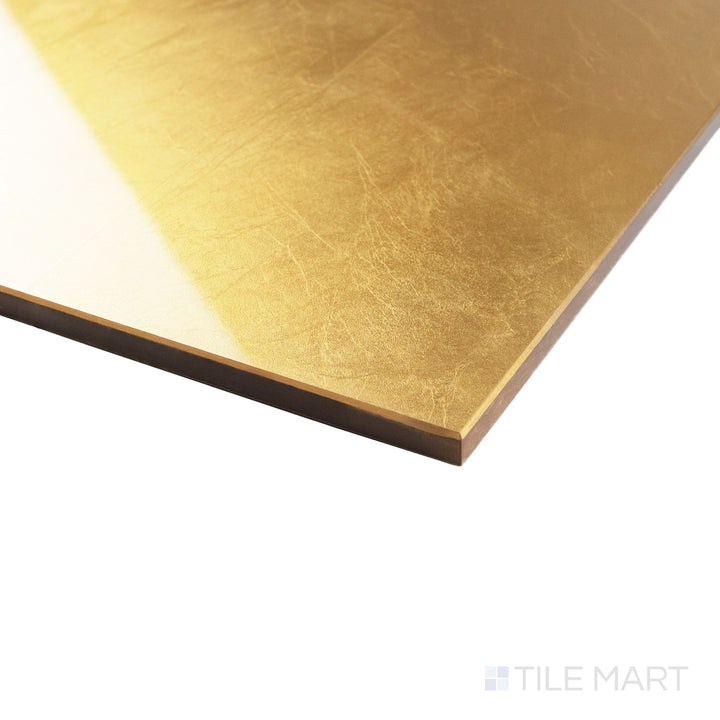 Corner shot of Cristal Foglio D’Oro 10x30 tile showing golden shimmer and crystal-clear gloss wrapping around a precise edge.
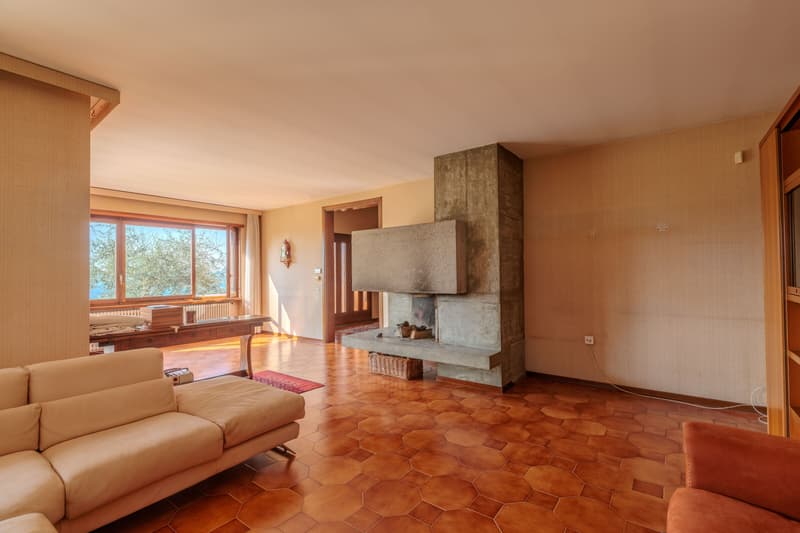 VILLA DI 6.5 LOCALI CON AMPIO GIARDINO E PRIVACY A CORTEGLIA (2)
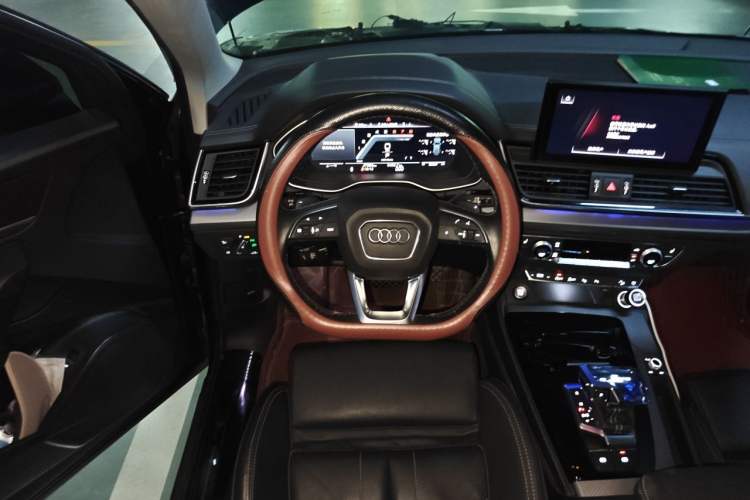 Used Audi Q5L 2022 40T Luxury Dynamic Model Steering Wheel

▶ **Assignment**:
Every line from the one containing "VILLA DI 6.5" to the end of the material above is to be returned exactly, with the pictures left out.

▶ **Solution for this exercise**:
 VILLA DI 6.5 LOCALI CON AMPIO GIARDINO E PRIVACY A CORTEGLIA (2)
 Used Audi Q5L 2022 40T Luxury Dynamic Model Steering Wheel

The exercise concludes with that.